Other memorable film roles include a seductive country wife opposite John Malkovich and Gary Sinese in Of Mice and Men; a lesbian who realizes she prefers men in Three of Hearts; and a repressed Southern belle experiencing her sexual awakening in Two Moon Junction.

Fenn admits to being attracted to unusual roles, saying that "at the very least, my tastes are out of the ordinary." Her primary motivating factor in choosing a part? Fenn sighs and takes a long sip of her lemonade. "It's not sometimes realistic to think that something magical can happen, but I think I look for the magic.

"Generally, Hollywood makes the same stories over and over," she says between bites of Caesar salad and lobster risotto at Ivy at the Shore, a trendy, star-watching Santa Monica eatery. "I've never wanted to do the same thing twice. If a script doesn't surprise me in some way, I simply can't commit to the project."

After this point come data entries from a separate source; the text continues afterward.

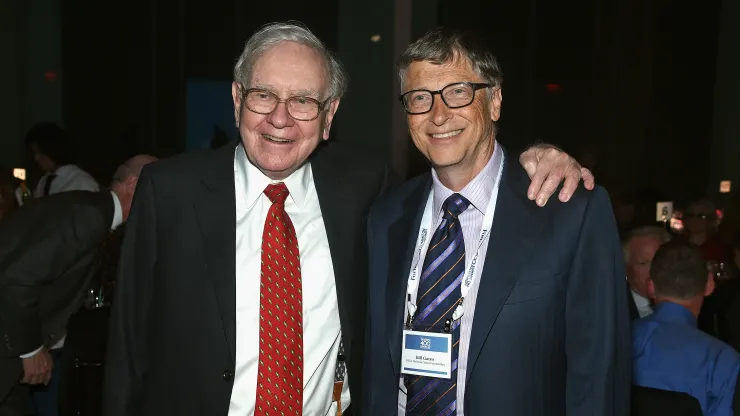 Loi khuyen tuyet voi ma Bill Gates nhan duoc tu Warren Buffett hinh anh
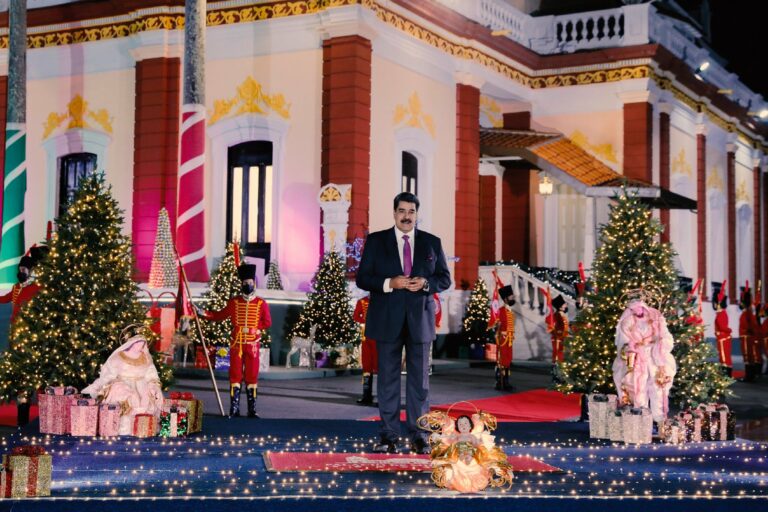 Presidente Nicolás Maduro destaca la unión del pueblo ante la llegada del año 2023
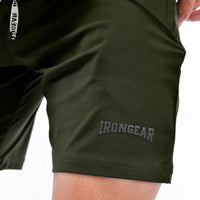 Shorts aus Laser-Mesh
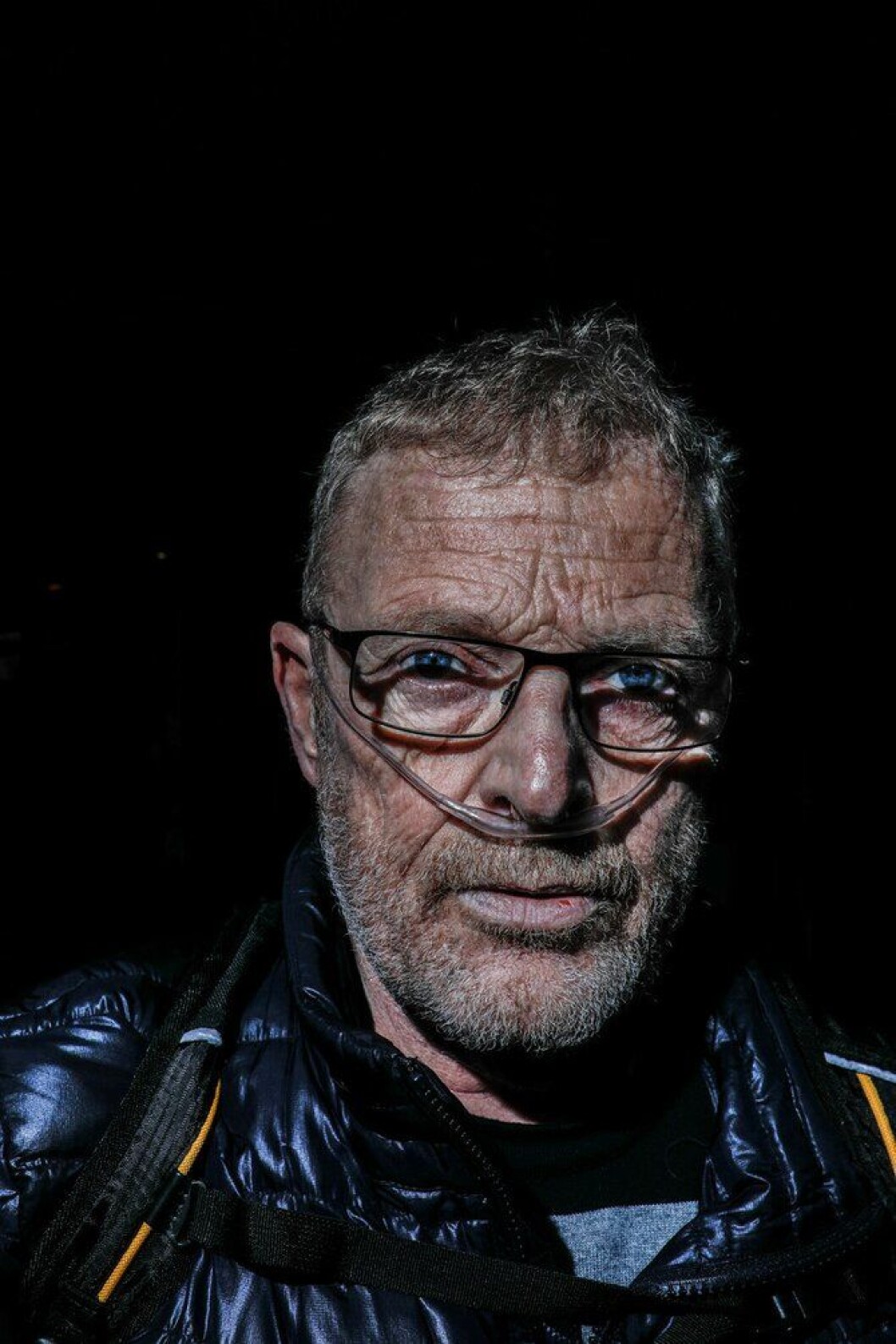 I kampen for det han mener er rettferdighet, trekker Knut Lauvrak pusten og anmelder Agder politidistrikt til Spesialenheten – ved hjelp av ekstra oksygentilførsel til lungene. I kampen for det han mener er rettferdighet, trekker Knut Lauvrak pusten og anmelder Agder politidistrikt til Spesialenheten – ved hjelp av ekstra oksygentilførsel til lungene.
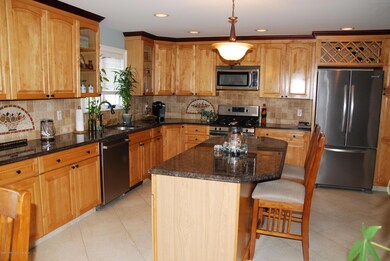 2 Sheridan Ct, Staten Island, NY 10306 - photo 5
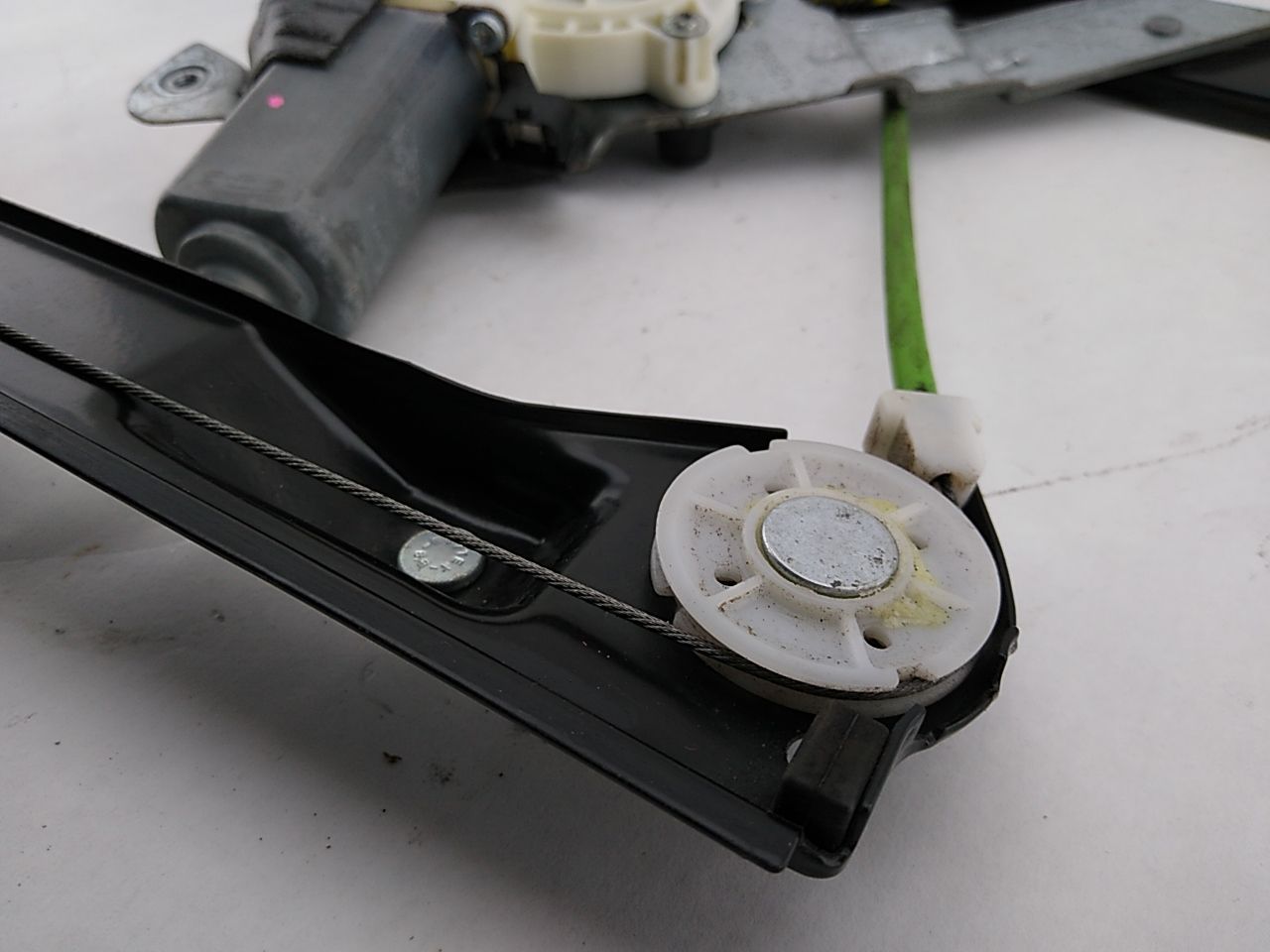 Saab 9-3 Passenger Right Front Door Window Regulator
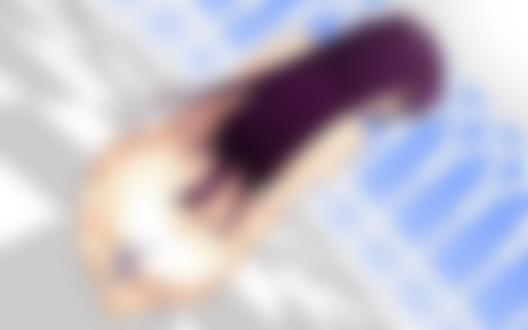 Обои для рабочего стола Сэндзегахара Хитаги / Hitagi Senjougahara из аниме Bakemonogatari / Истории монстров сидит в одних трусиках на клетчатом полу, оглядываясь через спину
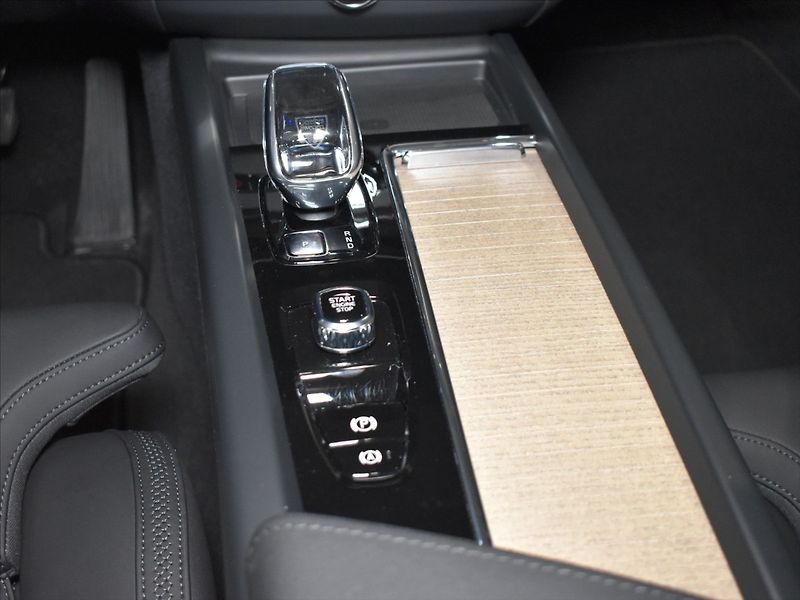 Volvo XC60 2,0 B5 AWD PLUS Bezklíč,BLIS - fotka 14 z 23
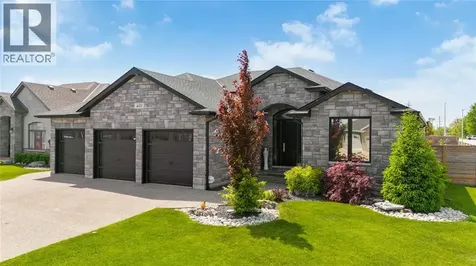 401 Rodriguez Drive Sarnia ON N7S 4M6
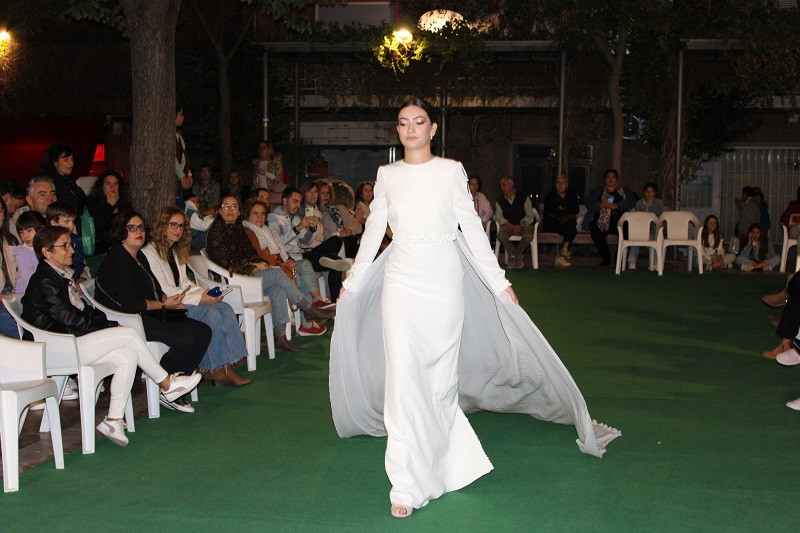 121024 VA DESFILE ROSAE 40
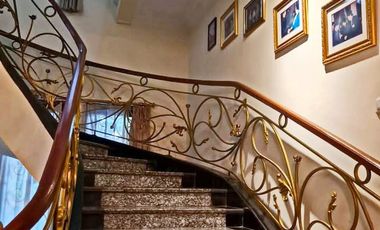 Disewakan Rumah Mewah Classic Di Rawamangun Jakarta Timur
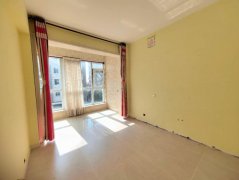 带南向车库。 东上雅郡框架2楼131平 精装 南客厅 2阳台 带南向车库。 东上雅郡框架2楼131平 精装 南客厅 2阳台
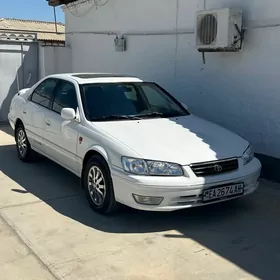 Toyota Camry 2001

When Fenn read the script for the TV miniseries Liz: The Elizabeth Taylor Story, she thought the chance to play Elizabeth Taylor would be ripe with magic and surprise ... and there were good surprises and bad surprises. Fenn's priority was to respectfully and accurately portray the Hollywood icon. Hollywood preferred a myopic focus on the scintillating details of Taylor's life. During filming, Fenn (and her lawyers) fought daily to keep integrity in the script, and won. However, Fenn was unsuccessful in contacting Taylor for her thoughts on her life. (Taylor and her own lawyers fought the unauthorized biography until the day it aired in May 1995.) Only recently did a close friend of Taylor's corner Fenn in their mutual dermatologist's office and whisper, "You did a good job, and she'll never let you know it, but Elizabeth thought so, too."



     What did you want to be when you grew up?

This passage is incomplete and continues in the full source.